> [What the task asks] Return each line of the data below exactly, omitting any pictures.

> [Information shown]
________________________

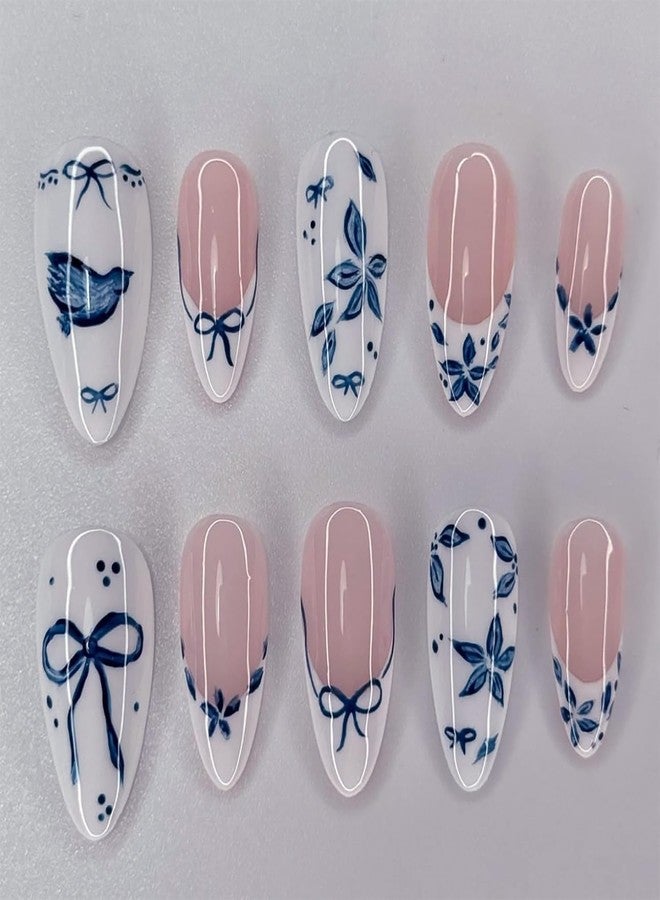 KRTBKR 24Pcs French Tip Press on Nails Medium Almond Fake Nails Blue Bow Flower Glossy Design Full Cover Reusable Artificial Nails White Pink Stick on Nails Handmade False Nails for Women Girls Acrylic Nail - Image 1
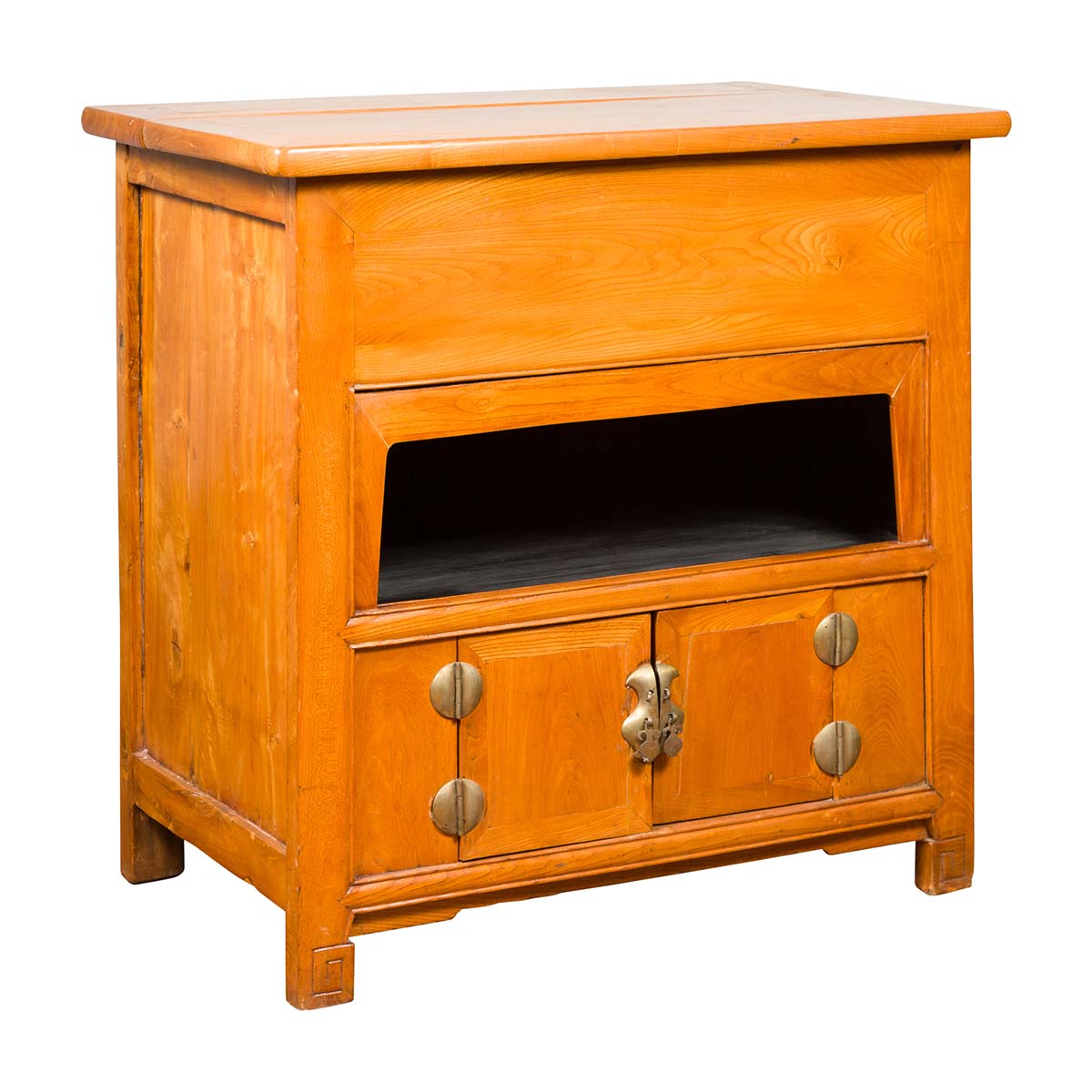 Chinese Vintage Natural Elmwood Console Cabinet with Removable Top and Doors-1. Asian & Chinese Furniture, Art, Antiques, Vintage Home Décor for sale at FEA Home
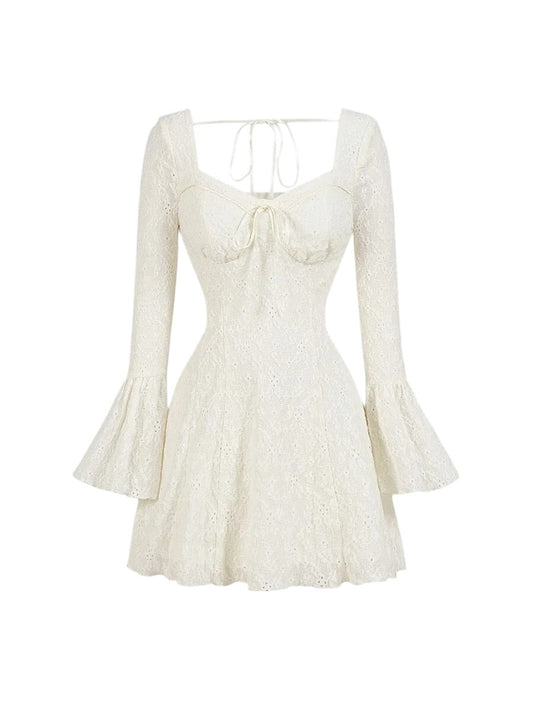 Womens Solid Color Simple Daily TieUp Long Sleeve Dress in white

________________________

> [Task answer]
 KRTBKR 24Pcs French Tip Press on Nails Medium Almond Fake Nails Blue Bow Flower Glossy Design Full Cover Reusable Artificial Nails White Pink Stick on Nails Handmade False Nails for Women Girls Acrylic Nail - Image 1
 Chinese Vintage Natural Elmwood Console Cabinet with Removable Top and Doors-1. Asian & Chinese Furniture, Art, Antiques, Vintage Home Décor for sale at FEA Home
 Womens Solid Color Simple Daily TieUp Long Sleeve Dress in white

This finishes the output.